* _INFORMATION PROVIDED_
+ + + + +

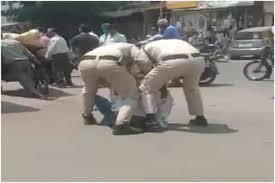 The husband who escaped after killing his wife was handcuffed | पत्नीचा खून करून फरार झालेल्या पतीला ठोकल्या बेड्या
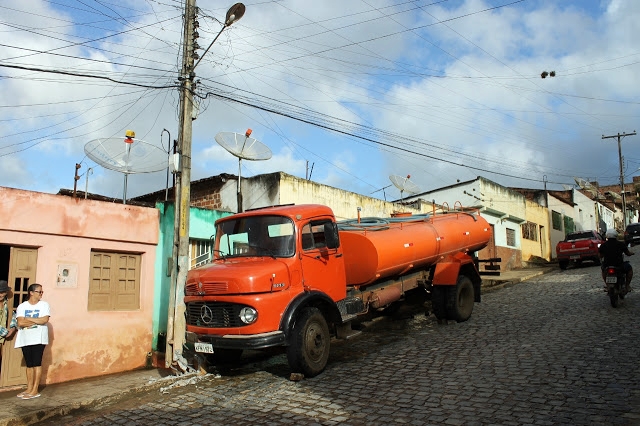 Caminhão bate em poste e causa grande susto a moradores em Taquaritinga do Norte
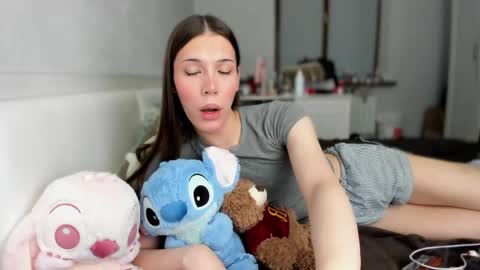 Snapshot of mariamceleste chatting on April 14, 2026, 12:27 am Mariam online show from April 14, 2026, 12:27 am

+ + + + +

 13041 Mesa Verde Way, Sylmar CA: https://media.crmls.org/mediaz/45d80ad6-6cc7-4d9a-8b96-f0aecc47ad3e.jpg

+ + + + +

* _WHAT YOU NEED TO DO_
Write out the lines above from the one with "The husband who" through the one with "Snapshot of mariamceleste", ends included, exactly; no picture goes in.

* _TASK RESULT_
 The husband who escaped after killing his wife was handcuffed | पत्नीचा खून करून फरार झालेल्या पतीला ठोकल्या बेड्या
 Caminhão bate em poste e causa grande susto a moradores em Taquaritinga do Norte
 Snapshot of mariamceleste chatting on April 14, 2026, 12:27 am Mariam online show from April 14, 2026, 12:27 am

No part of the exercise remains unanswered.